The circuit breaker detects failure patterns retry logic misses, using persisted counters:

  • No-progress (no files written in 3 attempts)
  • Same-error fingerprint (3 repeats of logically identical bash errors)
  • Token decline (retry attempts use fewer tokens, indicating Giving Up)

When triggered, the circuit opens and selects recovery: WAIT, REPLAN (task rewrite), or COOLDOWN_WAIT (handle rate limits). State persists across restarts ensuring safe unattended runs.

Mechanism 4: Retry with Context Carry

Retries use previous attempt summaries to avoid repeating mistakes. Attempt n+1 receives detailed context of files written, tests run, and failure reasons from attempt n.

You can also configure retry models—different provider or model per attempt increasing chances of success.

Mechanism 5: Retrospective Reviewer

A separate agent audits all completed work and runs your test suite after all tasks finish. It creates fix-up tasks for any regressions or uncovered issues, feeding them back into the execution pipeline.

The reviewer only adds tasks. It never rewrites existing work or plans.

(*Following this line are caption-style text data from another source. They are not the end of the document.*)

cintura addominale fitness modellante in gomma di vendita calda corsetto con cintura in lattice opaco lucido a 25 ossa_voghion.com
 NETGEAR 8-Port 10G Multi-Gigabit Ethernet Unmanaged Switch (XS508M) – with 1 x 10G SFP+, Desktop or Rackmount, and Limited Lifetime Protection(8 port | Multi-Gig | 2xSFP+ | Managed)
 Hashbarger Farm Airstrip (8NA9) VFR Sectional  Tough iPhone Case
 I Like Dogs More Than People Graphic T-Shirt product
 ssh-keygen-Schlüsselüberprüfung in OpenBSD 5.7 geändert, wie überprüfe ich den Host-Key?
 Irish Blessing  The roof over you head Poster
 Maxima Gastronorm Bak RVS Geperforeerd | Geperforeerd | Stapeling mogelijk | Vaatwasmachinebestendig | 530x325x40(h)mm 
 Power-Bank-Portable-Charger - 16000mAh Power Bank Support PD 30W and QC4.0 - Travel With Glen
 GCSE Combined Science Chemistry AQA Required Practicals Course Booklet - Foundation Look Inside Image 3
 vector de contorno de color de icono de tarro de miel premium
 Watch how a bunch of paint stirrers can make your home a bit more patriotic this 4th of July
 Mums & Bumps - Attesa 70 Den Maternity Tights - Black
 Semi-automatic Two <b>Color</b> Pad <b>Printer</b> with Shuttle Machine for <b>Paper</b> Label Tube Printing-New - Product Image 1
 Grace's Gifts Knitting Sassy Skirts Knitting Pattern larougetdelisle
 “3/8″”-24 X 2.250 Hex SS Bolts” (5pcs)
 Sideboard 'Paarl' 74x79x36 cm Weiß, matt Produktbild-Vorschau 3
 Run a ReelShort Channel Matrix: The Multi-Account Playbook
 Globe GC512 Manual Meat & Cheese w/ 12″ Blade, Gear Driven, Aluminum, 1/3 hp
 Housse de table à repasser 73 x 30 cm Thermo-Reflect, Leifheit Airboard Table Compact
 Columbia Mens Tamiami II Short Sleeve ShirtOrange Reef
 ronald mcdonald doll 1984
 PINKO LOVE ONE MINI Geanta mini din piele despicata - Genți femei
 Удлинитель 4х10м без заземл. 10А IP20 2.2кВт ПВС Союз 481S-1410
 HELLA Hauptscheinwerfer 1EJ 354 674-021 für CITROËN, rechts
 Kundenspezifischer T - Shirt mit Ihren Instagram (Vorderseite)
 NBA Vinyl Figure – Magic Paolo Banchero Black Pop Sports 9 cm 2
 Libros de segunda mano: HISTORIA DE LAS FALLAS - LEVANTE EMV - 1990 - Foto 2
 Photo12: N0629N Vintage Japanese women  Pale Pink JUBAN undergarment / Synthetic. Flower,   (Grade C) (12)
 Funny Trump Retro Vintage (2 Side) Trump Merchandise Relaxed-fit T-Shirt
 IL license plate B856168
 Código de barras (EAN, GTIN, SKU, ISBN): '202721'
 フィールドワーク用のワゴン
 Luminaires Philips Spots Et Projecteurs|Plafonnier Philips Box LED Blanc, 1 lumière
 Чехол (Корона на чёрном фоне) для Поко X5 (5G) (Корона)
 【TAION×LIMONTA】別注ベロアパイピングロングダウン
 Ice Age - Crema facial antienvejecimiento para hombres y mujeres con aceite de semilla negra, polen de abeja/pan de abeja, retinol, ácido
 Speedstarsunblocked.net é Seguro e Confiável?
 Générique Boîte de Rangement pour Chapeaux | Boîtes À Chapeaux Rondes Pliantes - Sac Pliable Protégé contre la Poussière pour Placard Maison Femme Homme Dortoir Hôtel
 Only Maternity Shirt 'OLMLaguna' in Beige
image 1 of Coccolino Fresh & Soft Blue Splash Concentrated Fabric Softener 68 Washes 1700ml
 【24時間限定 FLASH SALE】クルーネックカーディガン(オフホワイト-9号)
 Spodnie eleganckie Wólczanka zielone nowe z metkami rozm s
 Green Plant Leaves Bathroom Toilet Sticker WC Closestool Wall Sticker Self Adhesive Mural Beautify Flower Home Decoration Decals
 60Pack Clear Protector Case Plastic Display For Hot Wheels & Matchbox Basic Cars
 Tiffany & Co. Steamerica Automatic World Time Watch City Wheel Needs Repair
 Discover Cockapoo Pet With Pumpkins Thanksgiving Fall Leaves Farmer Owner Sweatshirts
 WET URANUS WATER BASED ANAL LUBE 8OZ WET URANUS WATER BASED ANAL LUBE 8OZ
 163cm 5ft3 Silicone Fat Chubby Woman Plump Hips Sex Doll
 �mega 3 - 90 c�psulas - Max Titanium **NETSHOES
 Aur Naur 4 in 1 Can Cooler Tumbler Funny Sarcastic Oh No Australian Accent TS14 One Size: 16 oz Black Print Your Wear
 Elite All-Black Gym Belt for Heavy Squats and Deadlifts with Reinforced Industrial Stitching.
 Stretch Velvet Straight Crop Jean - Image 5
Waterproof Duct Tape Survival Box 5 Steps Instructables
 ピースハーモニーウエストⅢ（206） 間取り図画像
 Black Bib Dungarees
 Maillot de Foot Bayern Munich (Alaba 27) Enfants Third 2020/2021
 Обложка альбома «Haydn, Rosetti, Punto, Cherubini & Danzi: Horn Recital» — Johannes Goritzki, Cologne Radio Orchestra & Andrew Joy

Mechanism 6: ARCHITECT.md — Persistent Project Intelligence

The heart of long-term memory and learning. ARCHITECT.md accumulates:

  • Project structure (languages, frameworks, dependencies)
  • Permanent architectural decisions
  • Known constraints discovered during builds
  • Lessons learned from past failures
  • Best practices for the project
  • Planning history of prior sessions

Every planning and execution reads this file, enabling context continuity and architectural stability across sessions.

Production Codebases

Unlike greenfield projects, mature codebases have accumulated decisions, constraints, and edge cases unknown to agents. The Architect handles this by preserving these in ARCHITECT.md, using frontier models for planning with full context, isolating tasks by scope, and letting you define architecture rather than relying on the AI to invent it.

Local GPU Models

Local models with large token windows still face real context window limitations. The Architect manages this by splitting work: a powerful frontier model plans with full context; a local smaller model executes narrowly scoped tasks. This mixed-model pattern enables real production work on local GPUs.

Overnight Safety

Configure The Architect to safely run unattended overnight by capping token budgets, managing cooldowns on rate limits, preserving progress state, and enabling task retries and re-planning autonomously.

Example configuration:

[architect]
persistent = true
token_budget_per_hour = 500000

Dog-Food

The Architect improved itself during development. A key bug in its own lock file was caught by its circuit breaker mechanism detecting identical retry failures, triggering replanning and fixing its implementation automatically.

Honest Limits

  • It does not write better code than your AI coding tool. It raises the floor, not the ceiling.
  • Poorly specified goals produce vague tasks. Clear goals remain critical.
  • The retrospective reviewer is a quality gate, not a full code review.
  • Token usage tracking is unavailable with Claude Code due to format limitations.
  • Free models like OpenRouter are significantly slower—suitable for non-urgent work only.

Getting Started

Install The Architect from PyPI:

pip install the-architect

Requires Python 3.11+ and one or more supported AI coding CLI tools: Claude Code, Codex, or OpenCode.

Initialize your project and run:

architect init
architect --plan --goal "add Stripe payment integration"
architect

The Architect will plan, execute, retry, review, and report fully unattended.

Full documentation is available at github.com/iNetanel/the-architect.